Start of Dataset excerpts
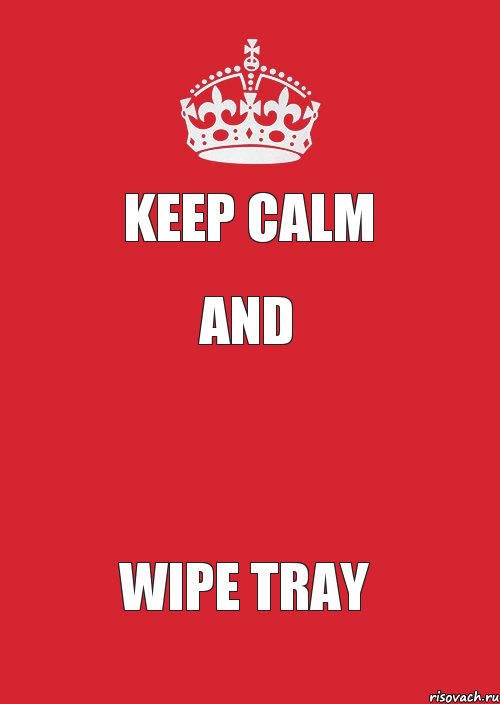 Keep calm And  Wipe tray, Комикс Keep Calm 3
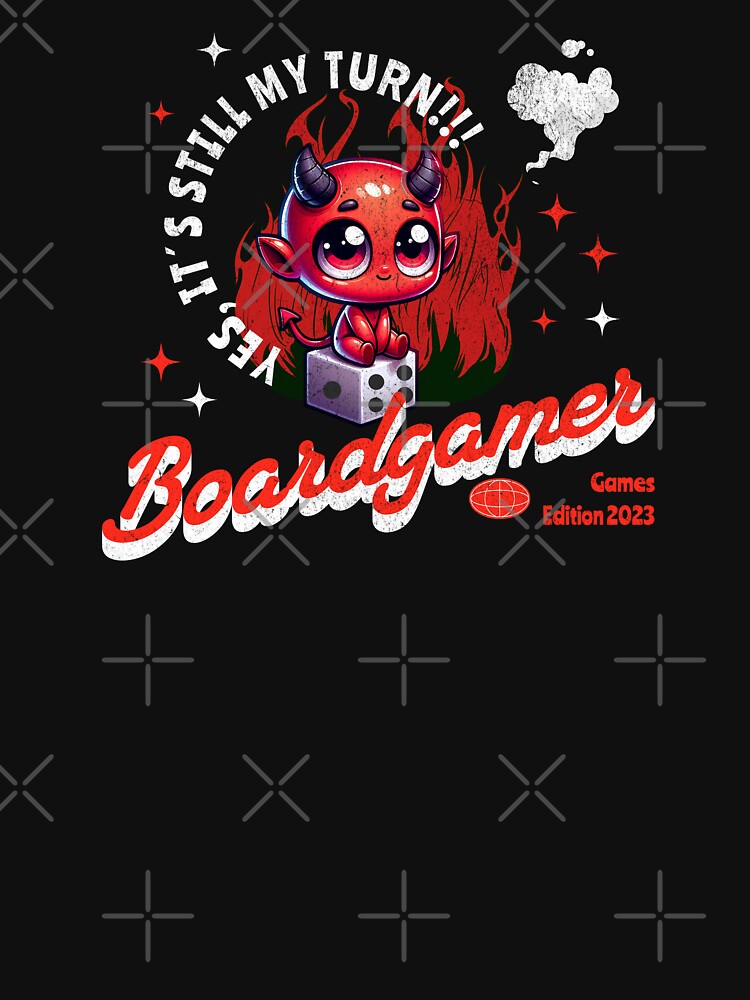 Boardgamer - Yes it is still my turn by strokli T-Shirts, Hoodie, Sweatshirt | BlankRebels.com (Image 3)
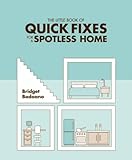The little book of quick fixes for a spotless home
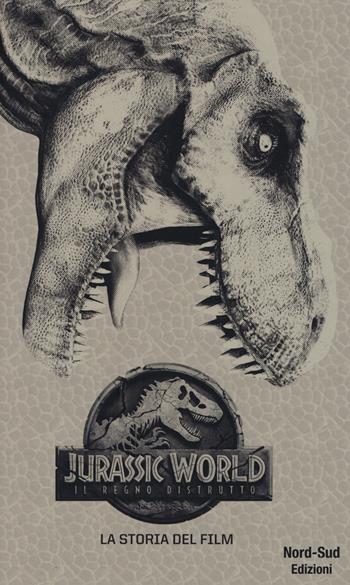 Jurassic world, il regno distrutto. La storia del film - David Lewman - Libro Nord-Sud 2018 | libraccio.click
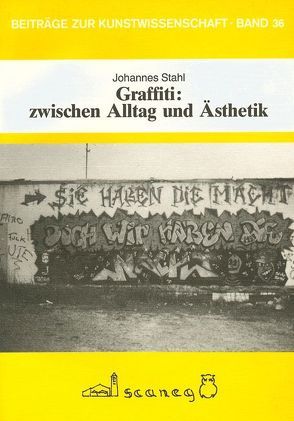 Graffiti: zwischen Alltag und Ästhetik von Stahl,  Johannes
End of Dataset excerpts
**Task goal:**
From the line with "The little book" down to the last line of the records above, restate each line verbatim, passing over any picture.

**Answer area:**
The little book of quick fixes for a spotless home
 Jurassic world, il regno distrutto. La storia del film - David Lewman - Libro Nord-Sud 2018 | libraccio.click
 Graffiti: zwischen Alltag und Ästhetik von Stahl,  Johannes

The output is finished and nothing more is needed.